07:13 AM | September 8, 2014 | Deepti Ramesh and Vincent Valk
FMC says that it has signed a definitive agreement to acquire crop protection company Cheminova (Harboøre, Denmark), for about 10.5 billion Danish kroner ($1.82 billion). Cheminova is a wholly owned subsidiary of Auriga Industries, which is listed on the Copenhagen Stock Exchange. FMC will fund the all-cash acquisition through a mixture of debt and existing cash reserves. The transaction is expected to close in early 2015 and will be accretive to adjusted earnings in the first full year following the acquisition, FMC says. Auriga had announced in June 2014 that it is reviewing its strategic options, but further details were not disclosed at the time.
FMC also says it will alter its previously announced separation plans by selling the company’s alkali chemicals, or soda ash, business, and retaining its lithium business as a separate segment. FMC said earlier this year that it plans to separate into two independent public companies by spinning off its lithium and soda ash businesses.
The acquisition of Cheminova prompted FMC's decision to change tactics on the separation, FMC chairman and CEO Pierre Brondeau tells CW. "If Cheminova were not available, we would still be on the separation track," he says. Acquiring Cheminova furthered Brondeau's goals for FMC - to create a large specialty chemicals company focused on agriculture and nutrition - to a greater extent than the separation did, he adds.
Still, there were other factors behind the decision to cancel the spin-off. Selling the lithium business, even along with soda ash, would result in a "change of control" for the rights to FMC's reserves in Argentina, meaning the rights would be lost, Brondeau says. The spin-off was engineered in such a way that the rights would not be jeopardized - technically, the minerals segment of FMC was spinning off the other two segments, so the controlling entity would not have changed - but such a set-up is impossible in a sale. Going ahead with the spin-off, in light of the Cheminova acquisition, would have created undue "complication and complexity," Brondeau says.

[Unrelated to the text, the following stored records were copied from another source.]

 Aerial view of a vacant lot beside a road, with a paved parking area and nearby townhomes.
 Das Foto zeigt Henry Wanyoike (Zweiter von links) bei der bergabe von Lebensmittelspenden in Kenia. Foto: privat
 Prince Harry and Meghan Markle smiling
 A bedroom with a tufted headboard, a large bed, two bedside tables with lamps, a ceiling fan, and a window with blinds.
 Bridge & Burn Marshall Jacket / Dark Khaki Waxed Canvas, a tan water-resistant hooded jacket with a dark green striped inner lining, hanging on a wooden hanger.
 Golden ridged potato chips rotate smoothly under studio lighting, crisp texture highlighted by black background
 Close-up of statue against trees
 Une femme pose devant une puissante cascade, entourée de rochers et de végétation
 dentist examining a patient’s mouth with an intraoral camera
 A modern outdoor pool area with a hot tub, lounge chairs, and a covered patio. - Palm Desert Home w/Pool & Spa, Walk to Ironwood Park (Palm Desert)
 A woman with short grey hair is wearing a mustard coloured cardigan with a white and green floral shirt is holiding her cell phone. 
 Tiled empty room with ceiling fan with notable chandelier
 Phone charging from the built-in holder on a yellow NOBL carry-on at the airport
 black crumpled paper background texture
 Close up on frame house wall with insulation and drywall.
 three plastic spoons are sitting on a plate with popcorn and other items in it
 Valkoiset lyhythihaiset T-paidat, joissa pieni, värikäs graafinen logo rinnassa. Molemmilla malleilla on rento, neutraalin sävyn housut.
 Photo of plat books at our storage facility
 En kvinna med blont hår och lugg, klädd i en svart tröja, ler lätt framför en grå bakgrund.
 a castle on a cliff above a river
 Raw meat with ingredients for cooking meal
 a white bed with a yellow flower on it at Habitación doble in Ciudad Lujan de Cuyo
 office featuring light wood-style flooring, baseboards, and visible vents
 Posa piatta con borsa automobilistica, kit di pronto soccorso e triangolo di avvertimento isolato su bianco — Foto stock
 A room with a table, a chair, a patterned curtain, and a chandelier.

FMC also aims to use the cash raised by selling the soda ash business to pay down debt related to the Cheminova acquisition. "If you sell, you get all of the proceeds back, which is important for us," Brondeau says. The company told investors during a call last week that it does not foresee much difficult selling the soda ash business, which reported revenues of $747 million last year and is a solid cash generator. "We constantly get calls [on soda ash], but can't comment on how valid or real they are," FMC CFO Paul Graves said during the call. "We're not concerned about finding a buyer, given the cash flow profile, asset base and margins of the business."
Cheminova, which was founded in 1938, develops, produces, and markets crop protection products, and 98% of sales are generated outside Denmark. In 2013, Cheminova posted sales of 6.6 billion Danish kroner. It employs over 2,200 people in 24 countries. FMC intends to continue to operate, after close, all of the manufacturing facilities currently operated by Cheminova. These include the active ingredient manufacturing facilities in Denmark and India and the formulation facilities in Australia, Denmark, Germany, India, Italy, and the UK.
FMC will continue to operate both of Cheminova's active-ingredient plants - a shift for the company, which had previously relied on toll manufacturing to supply its actives. "We've been thinking that one or two plants to make our own actives...gives us more flexibility in complex formulations, and more control over manufacturing for highly confidential products," Brondeau says. The company, however, has no plans to expand its active-ingredient manufacturing base beyond the plants in India and Denmark. "The two plants are more than we need and we would not go beyond that," Brondeau says.
Cheminova also has a large sales force in Europe, expanding FMC's presence in a market where its penetration is limited. The acquisition also strengthens FMC's already-significant position in Brazil, and gives FMC new products to market with its existing sales force in North America, Brondeau says. In Asia, Cheminova expands FMC's access to markets in India and Australia, he adds.
Cheminova brings complementary technologies in insecticides and herbicides, significantly enhances FMC's fungicide portfolio, and adds a growing micronutrient business, FMC says. “Cheminova has a portfolio of more than 60 active ingredients; over 2,300 registrations; and a pipeline of active ingredients currently under development. It is the addition of this broad suite of technology that is particularly exciting to us, and we firmly expect to increase our pace of new product launches in the coming seasons as a direct result of adding Cheminova's capabilities to ours,” Brondeau says.
FMC anticipates synergies through a combination of production and operating efficiency gains, as well as improved market access. FMC expects the transaction to be accretive to adjusted earnings in the first full year following completion of the acquisition. Goldman Sachs acted as financial advisor; and Wachtell, Lipton, Rosen & Katz acted as legal counsel to FMC in connection with the acquisition. Citigroup provided additional financial advice and committed debt facilities, FMC says.